Sri Lanka spent more than Rs. 195.95 billion on vehicle imports in the first three months of 2026 — a 900% jump on the same quarter last year, according to Central Bank data cited by NewsFirst.
March 2026 alone accounted for nearly Rs. 62.33 billion in vehicle imports, covering both private and commercial classes. The Central Bank said the first-quarter expenditure represents a 900% increase over the corresponding period of 2025, when the import freeze had only just been lifted and the dealer pipeline was largely empty.
Unit data released by the Department of Motor Traffic on May 13 extends the picture into April. The DMT said more than 215,000 vehicles were imported in the first four months of the year, with motorcycles the largest single category at over 144,000 units. Cars accounted for over 45,000 of the four-month total. The Central Bank’s Rs. 195.95 billion Q1 figure tracks the bulk of those January-to-March arrivals at landed value.

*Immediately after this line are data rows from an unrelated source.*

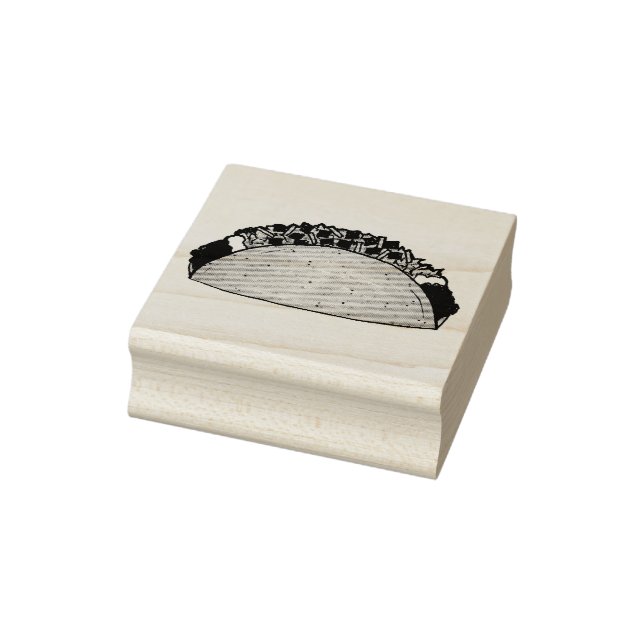 Hard Shell Beef Corn Taco Mexican Tex Mex Food Rubber Stamp (Stamp)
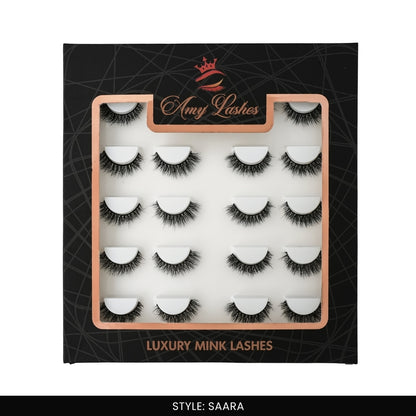 Saara False Eye Lashes | Medium Occasion Wear | Vegan Cruelty-Free | Pair of 10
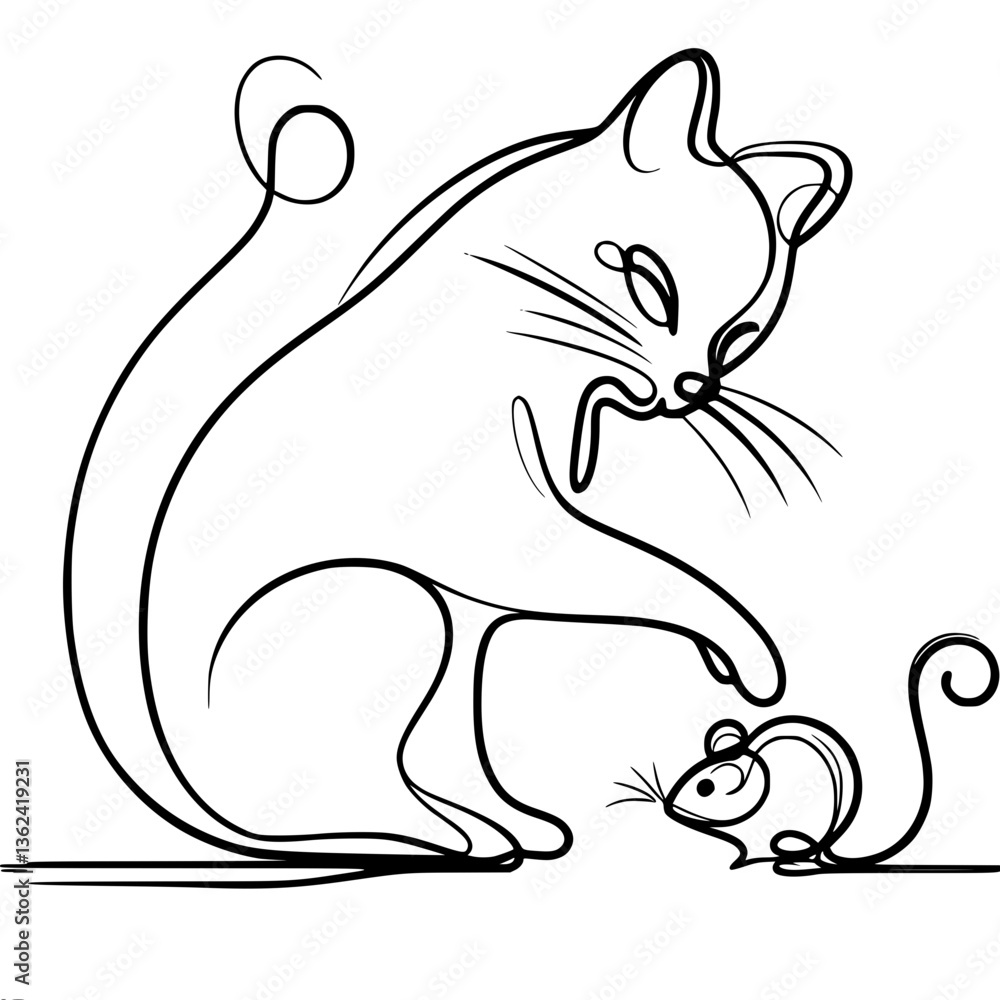 Poster cat and mouse playfully interacting in a minimalistic line drawing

The Q1 2026 figure tracks the surge already visible in registration data. The Department of Motor Traffic recorded an all-time monthly high of 55,470 registrations in March on a front-loaded buying rush ahead of the Social Security Contribution Levy (SSCL), with HNB Stockbrokers expecting momentum to moderate from April as pent-up demand is absorbed.
The pace also continues from the USD 2.04 billion full-year outlay in 2025 — the third-highest annual import bill on record — and is consistent with processing delays at the RMV that stretched one-day services to six or seven working days after imports reopened.
The Central Bank has previously flagged that vehicle imports are among the most significant single-category drains on the current account. Sri Lanka still posted a Q1 current account surplus of USD 531 million on the strength of remittances and tourism, but the trade gap widened on rising oil and capital-goods bills alongside the vehicle surge.